Jesus of Nazareth (Gesù di Nazareth) is a 1977 epic television drama serial directed by Franco Zeffirelli and co-written by Anthony Burgess and Suso Cecchi d'Amico, which dramatizes the birth, life, ministry, crucifixion and resurrection of Jesus. It stars Robert Powell as Jesus, and features an all-star ensemble cast of renowned actors, including seven who had won or would go on to win Academy Awards: Anne Bancroft, Ernest Borgnine, Laurence Olivier, Christopher Plummer, Anthony Quinn, Rod Steiger, Peter Ustinov; and James Earl Jones who received an Academy Honorary Award. Additionally, the ensemble cast also featured Academy Award nominees James Mason, Ian Holm, Ian Bannen and Valentina Cortese.

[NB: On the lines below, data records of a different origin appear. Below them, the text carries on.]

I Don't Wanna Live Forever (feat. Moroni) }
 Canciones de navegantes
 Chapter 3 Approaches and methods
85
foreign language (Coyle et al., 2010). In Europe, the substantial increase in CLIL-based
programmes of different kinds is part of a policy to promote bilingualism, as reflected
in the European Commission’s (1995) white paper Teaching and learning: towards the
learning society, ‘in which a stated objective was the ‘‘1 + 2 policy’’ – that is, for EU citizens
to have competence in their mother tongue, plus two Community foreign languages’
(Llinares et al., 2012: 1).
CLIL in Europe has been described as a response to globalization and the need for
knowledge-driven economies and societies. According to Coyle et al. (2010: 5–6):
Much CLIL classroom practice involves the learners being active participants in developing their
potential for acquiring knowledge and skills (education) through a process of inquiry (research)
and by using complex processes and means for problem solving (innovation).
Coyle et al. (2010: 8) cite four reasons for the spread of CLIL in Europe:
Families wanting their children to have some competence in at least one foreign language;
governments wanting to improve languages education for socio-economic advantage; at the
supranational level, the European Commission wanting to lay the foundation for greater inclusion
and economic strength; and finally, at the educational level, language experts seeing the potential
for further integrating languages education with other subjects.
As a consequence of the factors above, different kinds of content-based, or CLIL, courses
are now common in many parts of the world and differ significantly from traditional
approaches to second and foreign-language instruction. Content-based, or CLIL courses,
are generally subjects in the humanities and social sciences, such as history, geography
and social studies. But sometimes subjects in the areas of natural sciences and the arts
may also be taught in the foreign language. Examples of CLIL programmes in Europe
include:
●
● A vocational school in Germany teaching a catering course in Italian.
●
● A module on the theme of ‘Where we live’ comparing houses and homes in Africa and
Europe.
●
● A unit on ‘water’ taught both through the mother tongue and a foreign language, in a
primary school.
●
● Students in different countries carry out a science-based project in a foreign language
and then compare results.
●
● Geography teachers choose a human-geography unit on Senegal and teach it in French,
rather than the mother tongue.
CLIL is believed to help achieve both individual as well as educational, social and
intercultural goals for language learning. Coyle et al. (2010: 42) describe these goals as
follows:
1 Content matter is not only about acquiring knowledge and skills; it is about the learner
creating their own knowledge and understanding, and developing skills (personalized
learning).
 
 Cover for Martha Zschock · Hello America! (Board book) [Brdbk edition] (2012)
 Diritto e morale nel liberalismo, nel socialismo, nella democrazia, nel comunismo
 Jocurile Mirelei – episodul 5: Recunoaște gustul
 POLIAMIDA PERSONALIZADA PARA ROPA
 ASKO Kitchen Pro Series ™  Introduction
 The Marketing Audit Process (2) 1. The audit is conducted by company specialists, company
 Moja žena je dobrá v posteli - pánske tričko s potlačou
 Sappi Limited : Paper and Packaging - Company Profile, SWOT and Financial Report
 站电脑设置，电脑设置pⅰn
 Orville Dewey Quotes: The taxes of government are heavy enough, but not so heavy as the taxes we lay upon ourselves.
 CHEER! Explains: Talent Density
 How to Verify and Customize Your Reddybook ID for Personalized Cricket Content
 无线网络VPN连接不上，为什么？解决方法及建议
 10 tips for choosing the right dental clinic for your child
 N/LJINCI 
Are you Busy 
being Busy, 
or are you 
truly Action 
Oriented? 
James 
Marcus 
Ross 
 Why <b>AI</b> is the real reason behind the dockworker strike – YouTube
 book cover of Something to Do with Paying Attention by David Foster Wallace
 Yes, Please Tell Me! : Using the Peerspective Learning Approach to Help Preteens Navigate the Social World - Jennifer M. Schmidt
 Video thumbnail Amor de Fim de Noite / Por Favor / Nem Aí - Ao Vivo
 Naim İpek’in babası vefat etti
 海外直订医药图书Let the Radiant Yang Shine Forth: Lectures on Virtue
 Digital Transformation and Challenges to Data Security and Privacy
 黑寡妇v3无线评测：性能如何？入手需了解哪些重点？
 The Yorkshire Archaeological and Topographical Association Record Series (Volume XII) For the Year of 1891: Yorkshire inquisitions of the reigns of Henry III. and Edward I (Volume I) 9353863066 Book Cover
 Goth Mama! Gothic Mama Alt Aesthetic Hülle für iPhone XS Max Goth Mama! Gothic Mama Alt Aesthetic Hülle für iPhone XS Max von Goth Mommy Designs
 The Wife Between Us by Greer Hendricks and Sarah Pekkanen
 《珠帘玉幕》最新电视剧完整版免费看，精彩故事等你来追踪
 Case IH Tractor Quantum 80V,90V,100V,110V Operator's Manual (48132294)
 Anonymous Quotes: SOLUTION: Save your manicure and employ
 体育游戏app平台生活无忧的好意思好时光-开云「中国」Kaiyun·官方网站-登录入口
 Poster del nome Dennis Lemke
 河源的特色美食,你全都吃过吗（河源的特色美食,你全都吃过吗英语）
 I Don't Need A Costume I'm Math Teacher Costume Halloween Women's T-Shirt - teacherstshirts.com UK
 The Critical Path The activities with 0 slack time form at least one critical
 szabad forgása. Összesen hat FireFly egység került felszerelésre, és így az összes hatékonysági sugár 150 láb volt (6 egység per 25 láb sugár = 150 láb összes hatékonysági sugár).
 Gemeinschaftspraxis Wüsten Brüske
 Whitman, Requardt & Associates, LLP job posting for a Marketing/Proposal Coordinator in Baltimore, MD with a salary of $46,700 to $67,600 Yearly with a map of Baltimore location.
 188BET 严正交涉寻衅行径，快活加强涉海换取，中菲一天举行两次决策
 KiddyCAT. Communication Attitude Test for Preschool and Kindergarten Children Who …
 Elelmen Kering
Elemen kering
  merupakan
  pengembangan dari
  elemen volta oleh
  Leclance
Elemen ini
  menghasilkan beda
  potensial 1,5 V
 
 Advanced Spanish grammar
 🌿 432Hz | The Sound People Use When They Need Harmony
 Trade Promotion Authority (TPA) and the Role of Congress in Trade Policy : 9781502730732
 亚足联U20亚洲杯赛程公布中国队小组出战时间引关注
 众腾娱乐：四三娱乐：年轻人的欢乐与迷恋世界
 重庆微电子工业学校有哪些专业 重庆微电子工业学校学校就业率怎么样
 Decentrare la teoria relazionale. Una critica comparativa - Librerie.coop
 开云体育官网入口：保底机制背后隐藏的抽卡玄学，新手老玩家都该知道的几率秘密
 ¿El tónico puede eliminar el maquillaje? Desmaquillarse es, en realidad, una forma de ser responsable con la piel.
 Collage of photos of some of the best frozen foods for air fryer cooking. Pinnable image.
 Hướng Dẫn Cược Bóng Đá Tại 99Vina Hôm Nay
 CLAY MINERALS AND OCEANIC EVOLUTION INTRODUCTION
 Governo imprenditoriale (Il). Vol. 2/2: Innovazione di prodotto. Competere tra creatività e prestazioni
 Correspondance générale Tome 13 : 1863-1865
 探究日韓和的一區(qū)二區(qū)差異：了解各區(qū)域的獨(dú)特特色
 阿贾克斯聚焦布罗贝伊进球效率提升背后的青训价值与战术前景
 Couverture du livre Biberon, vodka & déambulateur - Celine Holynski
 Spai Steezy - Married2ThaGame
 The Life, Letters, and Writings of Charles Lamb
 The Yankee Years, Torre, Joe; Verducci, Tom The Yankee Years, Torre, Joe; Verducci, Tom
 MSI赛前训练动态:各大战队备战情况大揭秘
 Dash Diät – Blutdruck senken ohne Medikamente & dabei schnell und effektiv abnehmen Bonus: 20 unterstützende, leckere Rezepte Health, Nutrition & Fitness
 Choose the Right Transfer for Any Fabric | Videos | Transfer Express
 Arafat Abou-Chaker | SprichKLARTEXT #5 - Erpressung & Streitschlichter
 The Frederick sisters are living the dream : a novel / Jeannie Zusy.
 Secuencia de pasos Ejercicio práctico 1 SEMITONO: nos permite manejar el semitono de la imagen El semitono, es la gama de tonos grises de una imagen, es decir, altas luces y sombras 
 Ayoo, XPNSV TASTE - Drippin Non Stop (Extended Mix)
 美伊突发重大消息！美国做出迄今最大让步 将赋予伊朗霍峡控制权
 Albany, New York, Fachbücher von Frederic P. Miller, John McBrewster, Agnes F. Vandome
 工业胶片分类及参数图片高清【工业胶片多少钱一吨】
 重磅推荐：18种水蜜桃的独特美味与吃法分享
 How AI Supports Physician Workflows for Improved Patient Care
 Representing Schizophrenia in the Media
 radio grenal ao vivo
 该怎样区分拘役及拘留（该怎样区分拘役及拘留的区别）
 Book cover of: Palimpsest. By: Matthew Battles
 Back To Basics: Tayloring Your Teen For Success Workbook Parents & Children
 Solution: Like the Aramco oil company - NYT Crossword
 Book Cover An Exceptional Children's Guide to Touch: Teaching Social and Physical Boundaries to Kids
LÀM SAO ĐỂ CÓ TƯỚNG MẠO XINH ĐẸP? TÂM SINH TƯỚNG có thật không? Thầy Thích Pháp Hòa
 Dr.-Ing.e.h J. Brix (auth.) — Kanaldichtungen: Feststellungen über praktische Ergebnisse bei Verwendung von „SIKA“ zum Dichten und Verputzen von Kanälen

Some scenes were added during the writing process, with some characters (such as Zerah) added for brevity or dramatic effect. Jesus of Nazareth depicts Judas Iscariot as initially well-intentioned, but later as a selfish dupe of Zerah's who betrays Jesus largely as a result of Zerah's false platitudes and pretexts. However, in accordance with the Gospels, the film depicts Nicodemus and Joseph of Arimathea as sympathetic members of the Sanhedrin. Many of the miracles of Jesus, such as the changing of water into wine at the wedding at Cana, the transfiguration, and the calming of the storm, are not shown, although Jesus's healing of Jairus's daughter, healing the centurion's servant, the blind man and the crippled woman on the Sabbath, the feeding of the multitude, and the raising of Lazarus from the dead are presented.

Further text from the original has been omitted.